A British-Russian dissident and opponent of Vladimir Putin, freed in the most high-profile prison swap since the end of the Cold War, has described the brutal treatment he suffered during 11 months of solitary confinement in Siberia.
Vladimir Kara-Murza spent 23-and-a-half hours a day in a tiny cell as part of his 25-year sentence for speaking out against Russia’s war of aggression in Ukraine.
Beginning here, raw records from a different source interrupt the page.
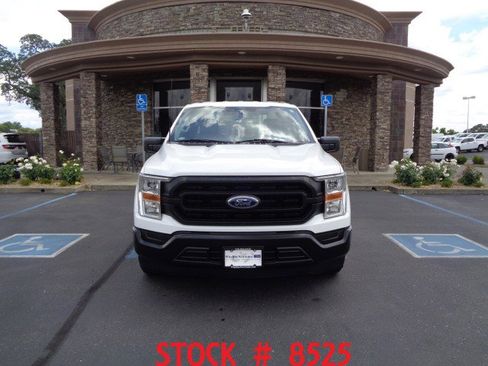 Used 2022 Ford F150 XL w/ Equipment Group 101A High RWD image 9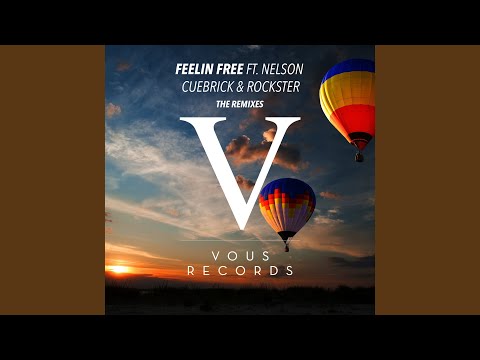 Feelin Free (Mazare Remix)
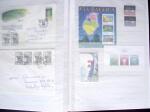 BALTIC STATES 1899-1944 Fabulous mint & used collection
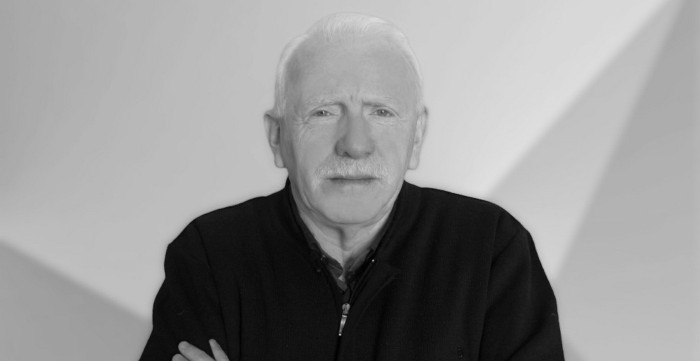 Ушел из жизни Михаил Фейман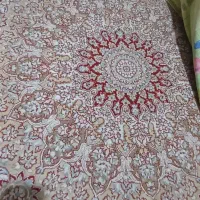 فرش ۱۲ و ۶ متری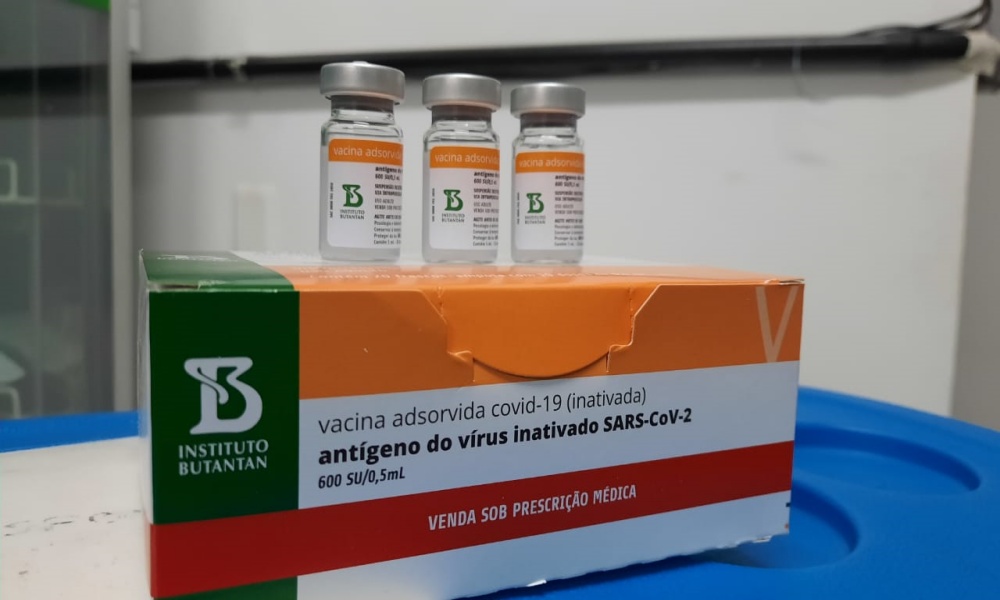 Câmara de Camaçari pede prioridade na vacinação para pessoas com Síndrome de Down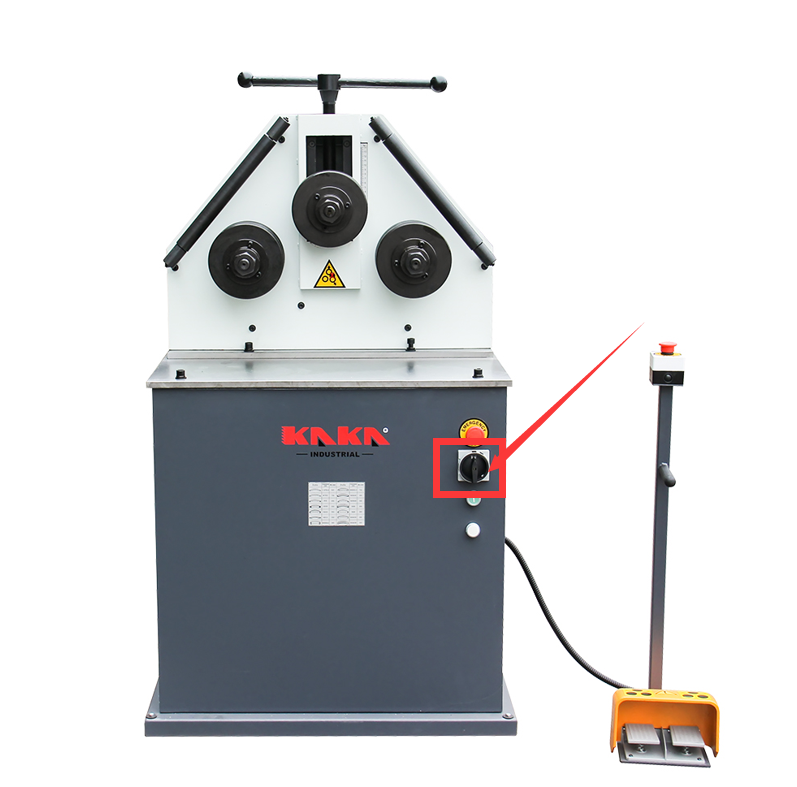 SA switch for RBM-40HV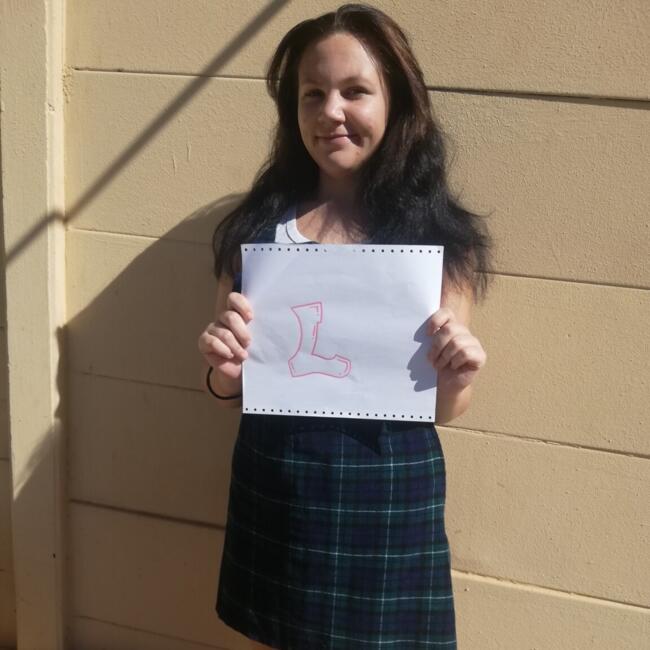 Babysitter in Port Elizabeth: Jacqualene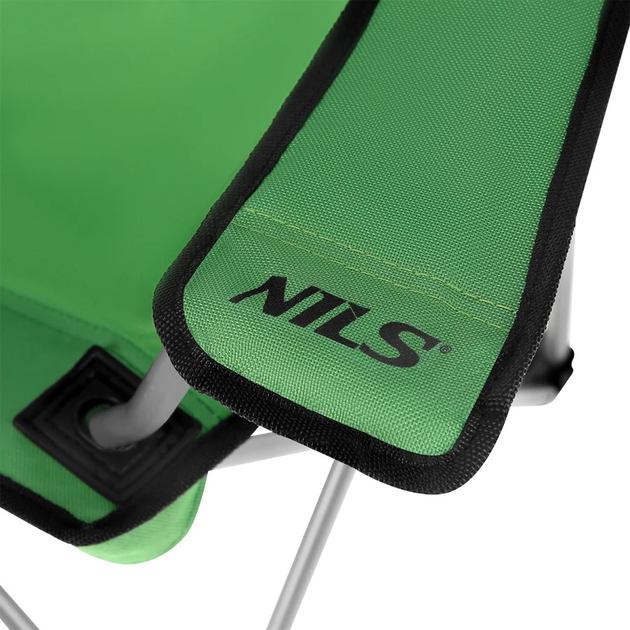 Krzesełko dziecięce turystyczne Nils FROG NC3007 (5907695523584) - obraz 8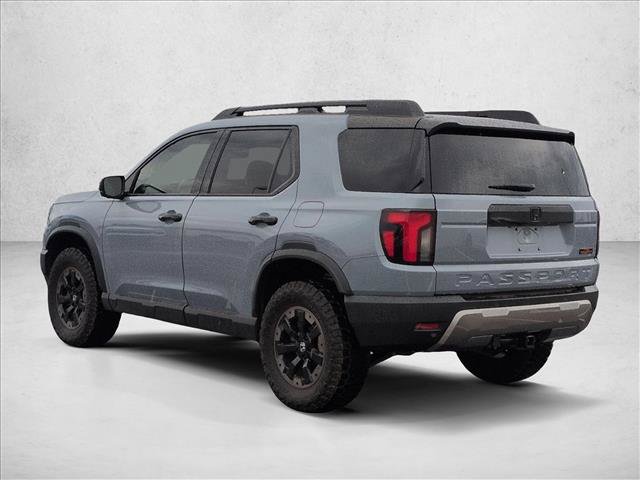 Used 2026 Honda Passport TrailSport Elite image 7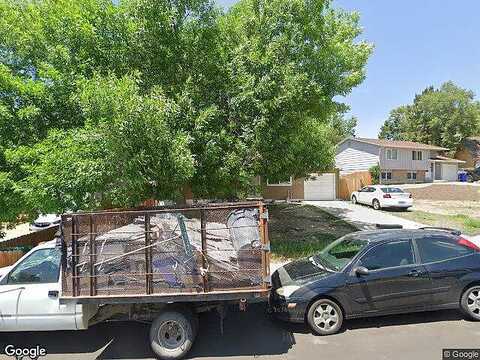 Whittier, COLORADO SPRINGS, CO 80910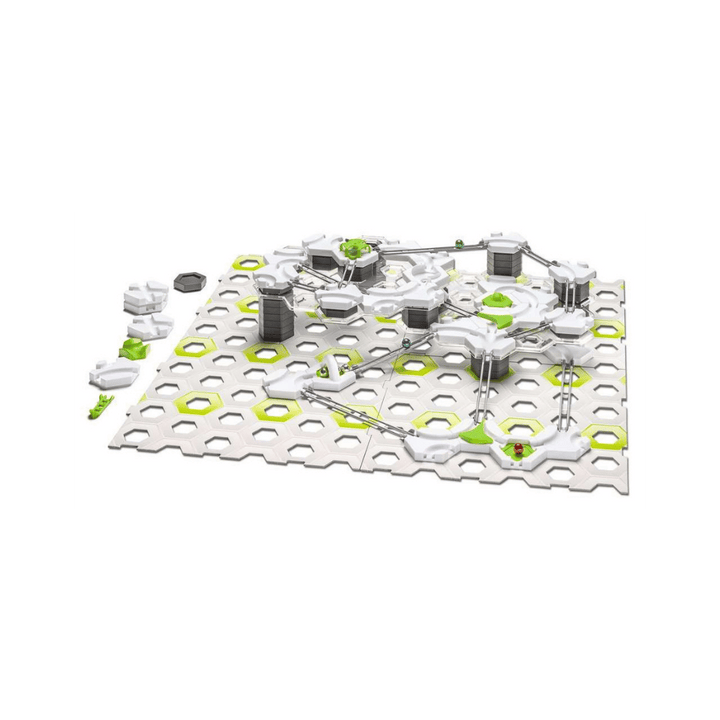 GraviTrax : Kit de démarrage | Starter Set (ML) PASSE-TEMPS - Jouets - Jouets Construction - Gravitrax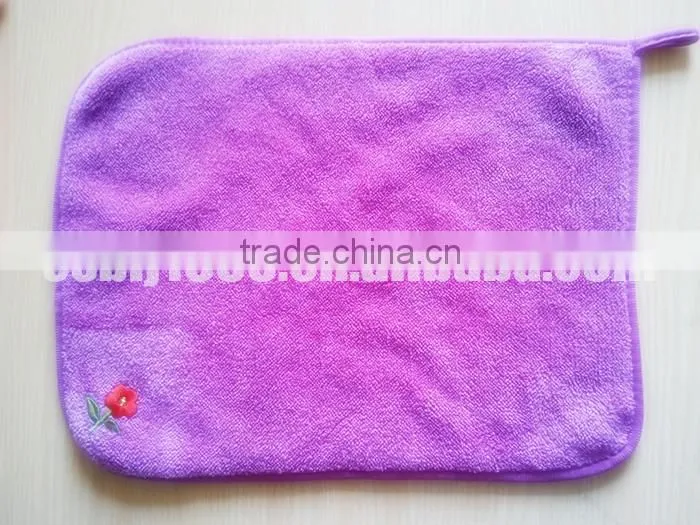 Microfiber Cloth-Car Cleaning, Drying&Polishing Cloth,Non-scratching Cloth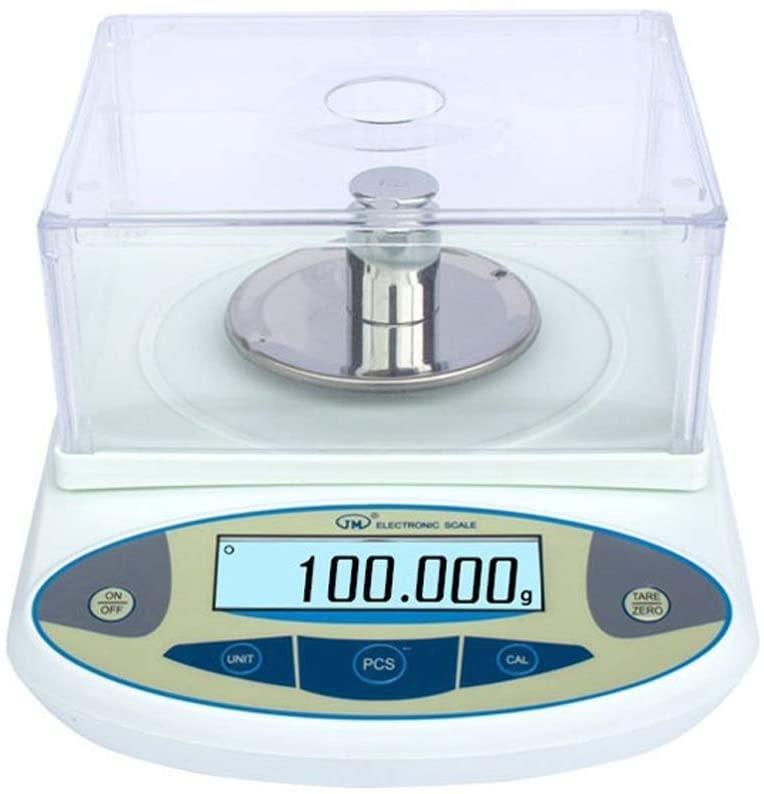 Buy High Precision Laboratory Analytical Balance 3000g/0.01g Electronic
The 43-year-old, who served two-and-a-half years of his total sentence before being released in August, spoke of talking to walls and willing away the days “no longer understanding what’s real and what’s imaginary”.
In an exclusive interview with The Independent hours after touching down in Britain for the first time since the USbrokered prison deal with the Kremlin, the Cambridge-educated activist relived his horrifying experience in unflinching detail.
Kara-Murza said the exchange was not merely a swap but a “lifesaving mission”. The death in prison in February of fellow dissident Alexei Navalny, which he described as a Kremlinorchestrated murder, underscored the danger he was in.
“Mentally, psychologically, emotionally, just to be locked up in a cupboard day after day, week after week, month after month, without as much as saying hello to anybody, it’s really, really not easy,” he said at a hotel near the House of Commons.
“After about two or three weeks, your mind really starts playing tricks on you. You start forgetting words. You start forgetting names. You start speaking to walls. You stop understanding what’s real and what’s imaginary.”
Kara-Murza was arrested in Moscow in April 2022 – two months after Mr Putin launched his full-scale invasion of Ukraine – for giving speeches around the world about the war crimes Russia’s forces were committing against civilians.